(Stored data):
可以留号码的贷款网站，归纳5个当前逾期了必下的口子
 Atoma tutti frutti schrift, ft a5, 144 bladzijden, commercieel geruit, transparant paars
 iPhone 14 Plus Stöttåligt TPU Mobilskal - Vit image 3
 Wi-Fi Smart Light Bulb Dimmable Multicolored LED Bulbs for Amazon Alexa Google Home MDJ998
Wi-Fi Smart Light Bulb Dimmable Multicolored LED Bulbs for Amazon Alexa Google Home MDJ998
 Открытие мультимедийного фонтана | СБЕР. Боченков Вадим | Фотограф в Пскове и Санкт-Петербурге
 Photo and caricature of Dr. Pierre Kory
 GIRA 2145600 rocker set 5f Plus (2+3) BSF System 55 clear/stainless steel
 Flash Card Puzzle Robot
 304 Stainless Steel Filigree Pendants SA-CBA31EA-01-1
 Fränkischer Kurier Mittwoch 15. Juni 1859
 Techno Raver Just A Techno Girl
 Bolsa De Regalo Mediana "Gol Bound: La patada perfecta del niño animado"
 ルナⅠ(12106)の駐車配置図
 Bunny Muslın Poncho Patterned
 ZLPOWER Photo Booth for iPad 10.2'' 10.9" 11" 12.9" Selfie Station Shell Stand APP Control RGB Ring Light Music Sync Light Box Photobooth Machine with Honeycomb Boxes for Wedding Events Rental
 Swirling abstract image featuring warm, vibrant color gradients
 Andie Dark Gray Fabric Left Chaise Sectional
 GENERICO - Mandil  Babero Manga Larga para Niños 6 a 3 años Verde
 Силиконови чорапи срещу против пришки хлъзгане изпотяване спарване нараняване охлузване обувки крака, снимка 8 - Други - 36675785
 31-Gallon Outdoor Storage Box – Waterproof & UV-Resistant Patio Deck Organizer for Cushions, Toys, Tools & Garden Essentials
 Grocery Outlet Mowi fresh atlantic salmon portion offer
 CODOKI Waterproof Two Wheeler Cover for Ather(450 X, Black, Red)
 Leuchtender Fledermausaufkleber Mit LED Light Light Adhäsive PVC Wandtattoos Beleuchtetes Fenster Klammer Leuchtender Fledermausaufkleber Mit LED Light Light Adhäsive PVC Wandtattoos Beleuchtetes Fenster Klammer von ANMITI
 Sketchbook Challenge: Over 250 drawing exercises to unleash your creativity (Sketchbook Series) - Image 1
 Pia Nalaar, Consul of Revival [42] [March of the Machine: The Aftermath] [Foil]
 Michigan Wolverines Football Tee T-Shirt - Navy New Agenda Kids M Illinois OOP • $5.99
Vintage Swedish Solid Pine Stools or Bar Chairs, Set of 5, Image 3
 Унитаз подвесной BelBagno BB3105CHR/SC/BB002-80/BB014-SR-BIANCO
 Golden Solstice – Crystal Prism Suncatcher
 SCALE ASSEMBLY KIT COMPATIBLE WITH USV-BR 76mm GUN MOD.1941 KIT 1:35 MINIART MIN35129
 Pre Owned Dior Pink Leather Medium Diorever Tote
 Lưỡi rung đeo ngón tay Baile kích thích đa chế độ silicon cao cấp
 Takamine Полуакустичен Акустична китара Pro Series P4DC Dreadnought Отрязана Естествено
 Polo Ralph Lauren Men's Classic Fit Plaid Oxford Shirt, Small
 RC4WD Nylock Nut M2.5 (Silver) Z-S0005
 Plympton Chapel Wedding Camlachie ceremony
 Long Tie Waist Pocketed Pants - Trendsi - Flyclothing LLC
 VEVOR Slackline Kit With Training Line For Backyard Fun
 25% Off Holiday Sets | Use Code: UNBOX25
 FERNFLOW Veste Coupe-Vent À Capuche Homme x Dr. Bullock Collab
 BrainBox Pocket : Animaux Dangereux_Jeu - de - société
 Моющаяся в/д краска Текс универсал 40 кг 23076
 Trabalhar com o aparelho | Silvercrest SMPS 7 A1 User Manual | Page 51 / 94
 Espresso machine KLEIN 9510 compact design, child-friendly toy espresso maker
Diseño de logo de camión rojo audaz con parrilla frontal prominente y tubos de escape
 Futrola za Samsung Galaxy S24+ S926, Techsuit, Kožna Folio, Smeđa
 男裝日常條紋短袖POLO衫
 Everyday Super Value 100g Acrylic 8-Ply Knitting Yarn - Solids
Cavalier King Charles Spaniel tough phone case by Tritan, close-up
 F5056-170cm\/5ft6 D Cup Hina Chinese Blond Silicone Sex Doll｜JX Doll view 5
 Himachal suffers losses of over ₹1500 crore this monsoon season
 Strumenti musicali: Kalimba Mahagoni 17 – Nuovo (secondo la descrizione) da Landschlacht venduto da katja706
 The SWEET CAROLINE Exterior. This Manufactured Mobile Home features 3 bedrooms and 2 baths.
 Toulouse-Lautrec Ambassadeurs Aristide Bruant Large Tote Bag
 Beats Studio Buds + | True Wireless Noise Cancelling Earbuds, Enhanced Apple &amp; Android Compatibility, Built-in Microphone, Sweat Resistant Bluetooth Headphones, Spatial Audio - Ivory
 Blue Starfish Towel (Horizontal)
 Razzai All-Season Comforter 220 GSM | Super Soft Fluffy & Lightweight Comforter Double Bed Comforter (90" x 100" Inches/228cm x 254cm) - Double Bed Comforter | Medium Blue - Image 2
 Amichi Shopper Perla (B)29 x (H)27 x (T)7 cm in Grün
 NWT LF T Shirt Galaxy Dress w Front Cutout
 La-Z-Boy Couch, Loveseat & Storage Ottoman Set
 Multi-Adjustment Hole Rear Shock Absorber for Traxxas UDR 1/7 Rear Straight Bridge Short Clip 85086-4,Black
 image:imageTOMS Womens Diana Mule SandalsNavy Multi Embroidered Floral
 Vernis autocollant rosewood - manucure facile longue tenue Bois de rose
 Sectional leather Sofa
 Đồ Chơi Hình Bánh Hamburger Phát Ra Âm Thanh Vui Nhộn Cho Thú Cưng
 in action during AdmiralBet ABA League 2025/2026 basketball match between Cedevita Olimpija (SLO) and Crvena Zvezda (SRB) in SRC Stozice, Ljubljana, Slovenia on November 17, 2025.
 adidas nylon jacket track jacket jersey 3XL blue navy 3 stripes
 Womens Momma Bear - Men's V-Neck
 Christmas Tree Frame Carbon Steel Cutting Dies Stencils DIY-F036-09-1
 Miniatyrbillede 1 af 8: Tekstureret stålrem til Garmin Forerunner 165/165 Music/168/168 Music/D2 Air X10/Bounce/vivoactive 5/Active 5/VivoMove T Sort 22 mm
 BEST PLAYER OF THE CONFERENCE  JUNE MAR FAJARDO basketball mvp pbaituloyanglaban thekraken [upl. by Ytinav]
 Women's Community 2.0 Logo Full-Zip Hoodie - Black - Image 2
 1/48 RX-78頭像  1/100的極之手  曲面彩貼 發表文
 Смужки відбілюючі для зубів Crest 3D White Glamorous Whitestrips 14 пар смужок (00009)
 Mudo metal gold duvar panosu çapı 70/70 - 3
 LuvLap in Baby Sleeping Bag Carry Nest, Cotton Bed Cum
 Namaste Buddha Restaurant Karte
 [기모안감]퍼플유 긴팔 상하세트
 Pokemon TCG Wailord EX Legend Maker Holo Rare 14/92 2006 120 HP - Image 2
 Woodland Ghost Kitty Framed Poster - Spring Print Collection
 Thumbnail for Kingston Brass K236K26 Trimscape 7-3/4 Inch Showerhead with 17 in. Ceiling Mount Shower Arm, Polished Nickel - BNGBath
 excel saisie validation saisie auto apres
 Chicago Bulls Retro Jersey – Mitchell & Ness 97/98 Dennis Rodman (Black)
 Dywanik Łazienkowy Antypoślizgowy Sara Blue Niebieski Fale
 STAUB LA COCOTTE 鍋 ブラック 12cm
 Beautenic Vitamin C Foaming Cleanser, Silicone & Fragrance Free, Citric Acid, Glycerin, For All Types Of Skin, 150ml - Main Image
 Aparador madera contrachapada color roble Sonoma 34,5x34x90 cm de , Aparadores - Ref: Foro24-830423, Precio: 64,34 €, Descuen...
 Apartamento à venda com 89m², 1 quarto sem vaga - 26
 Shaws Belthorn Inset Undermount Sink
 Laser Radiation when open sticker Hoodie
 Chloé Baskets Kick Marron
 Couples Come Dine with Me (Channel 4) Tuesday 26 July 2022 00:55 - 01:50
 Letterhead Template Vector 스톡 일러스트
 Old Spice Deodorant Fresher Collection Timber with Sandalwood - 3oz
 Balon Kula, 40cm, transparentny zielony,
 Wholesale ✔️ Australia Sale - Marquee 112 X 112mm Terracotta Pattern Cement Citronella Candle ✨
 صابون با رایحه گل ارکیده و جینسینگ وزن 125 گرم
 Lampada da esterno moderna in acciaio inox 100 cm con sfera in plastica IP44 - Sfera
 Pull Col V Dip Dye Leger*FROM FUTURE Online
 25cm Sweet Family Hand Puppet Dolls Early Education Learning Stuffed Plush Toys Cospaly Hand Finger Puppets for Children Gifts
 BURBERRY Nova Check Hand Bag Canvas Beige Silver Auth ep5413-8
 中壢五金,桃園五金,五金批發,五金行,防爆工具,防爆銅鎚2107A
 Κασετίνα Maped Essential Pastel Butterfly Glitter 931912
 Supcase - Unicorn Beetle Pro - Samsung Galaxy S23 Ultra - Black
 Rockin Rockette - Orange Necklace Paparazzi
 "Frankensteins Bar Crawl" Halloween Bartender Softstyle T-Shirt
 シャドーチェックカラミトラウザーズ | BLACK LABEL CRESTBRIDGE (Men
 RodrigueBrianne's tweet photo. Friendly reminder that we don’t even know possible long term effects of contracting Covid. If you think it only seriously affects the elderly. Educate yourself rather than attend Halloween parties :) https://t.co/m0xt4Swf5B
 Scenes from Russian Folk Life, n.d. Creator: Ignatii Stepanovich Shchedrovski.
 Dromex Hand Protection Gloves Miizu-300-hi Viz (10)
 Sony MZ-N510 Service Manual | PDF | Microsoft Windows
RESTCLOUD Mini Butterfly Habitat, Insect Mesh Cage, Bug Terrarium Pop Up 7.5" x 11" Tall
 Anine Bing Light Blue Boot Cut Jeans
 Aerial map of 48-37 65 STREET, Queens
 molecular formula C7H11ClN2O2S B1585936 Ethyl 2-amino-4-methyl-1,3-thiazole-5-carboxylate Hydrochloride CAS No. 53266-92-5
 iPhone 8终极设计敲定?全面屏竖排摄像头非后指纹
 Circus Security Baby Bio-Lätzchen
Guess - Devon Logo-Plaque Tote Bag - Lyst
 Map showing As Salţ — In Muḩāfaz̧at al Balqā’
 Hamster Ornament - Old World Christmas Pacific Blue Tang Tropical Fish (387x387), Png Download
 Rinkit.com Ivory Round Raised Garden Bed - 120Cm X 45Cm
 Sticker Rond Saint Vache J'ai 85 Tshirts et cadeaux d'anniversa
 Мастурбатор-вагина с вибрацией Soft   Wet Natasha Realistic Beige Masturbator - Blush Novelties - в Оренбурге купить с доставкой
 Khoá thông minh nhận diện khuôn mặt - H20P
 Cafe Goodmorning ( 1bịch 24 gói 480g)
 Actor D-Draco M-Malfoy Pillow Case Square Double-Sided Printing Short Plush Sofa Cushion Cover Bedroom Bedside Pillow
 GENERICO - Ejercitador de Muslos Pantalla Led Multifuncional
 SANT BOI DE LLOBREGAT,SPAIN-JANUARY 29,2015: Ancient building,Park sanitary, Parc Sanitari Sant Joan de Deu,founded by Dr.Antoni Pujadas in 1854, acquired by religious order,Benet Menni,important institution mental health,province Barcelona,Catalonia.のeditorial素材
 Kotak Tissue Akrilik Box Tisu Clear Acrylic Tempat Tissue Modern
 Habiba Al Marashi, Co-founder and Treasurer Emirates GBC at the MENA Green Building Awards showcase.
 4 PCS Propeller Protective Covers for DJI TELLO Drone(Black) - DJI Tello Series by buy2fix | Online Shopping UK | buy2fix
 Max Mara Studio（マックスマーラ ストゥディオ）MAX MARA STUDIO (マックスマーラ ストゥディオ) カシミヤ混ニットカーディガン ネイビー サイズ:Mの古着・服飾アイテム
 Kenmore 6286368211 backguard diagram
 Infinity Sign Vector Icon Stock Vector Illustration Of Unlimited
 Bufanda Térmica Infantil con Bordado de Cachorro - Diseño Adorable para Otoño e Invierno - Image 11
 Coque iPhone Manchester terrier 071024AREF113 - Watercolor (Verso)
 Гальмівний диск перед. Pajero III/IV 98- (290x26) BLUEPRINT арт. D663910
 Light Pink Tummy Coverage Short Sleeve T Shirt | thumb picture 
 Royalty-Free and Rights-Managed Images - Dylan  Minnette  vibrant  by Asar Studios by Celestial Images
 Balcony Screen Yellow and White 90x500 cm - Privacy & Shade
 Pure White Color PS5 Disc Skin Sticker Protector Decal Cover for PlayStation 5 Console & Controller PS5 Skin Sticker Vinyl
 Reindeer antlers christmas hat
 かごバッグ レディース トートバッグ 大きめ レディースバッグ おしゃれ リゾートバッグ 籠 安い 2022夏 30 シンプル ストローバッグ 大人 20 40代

(Work task):
Keeping every character as it is, restate the lines above that run from the line with "Thumbnail for Kingston" through the line with "Chicago Bulls Retro", both included, and nothing else.

(Exercise response):
 Thumbnail for Kingston Brass K236K26 Trimscape 7-3/4 Inch Showerhead with 17 in. Ceiling Mount Shower Arm, Polished Nickel - BNGBath
 excel saisie validation saisie auto apres
 Chicago Bulls Retro Jersey – Mitchell & Ness 97/98 Dennis Rodman (Black)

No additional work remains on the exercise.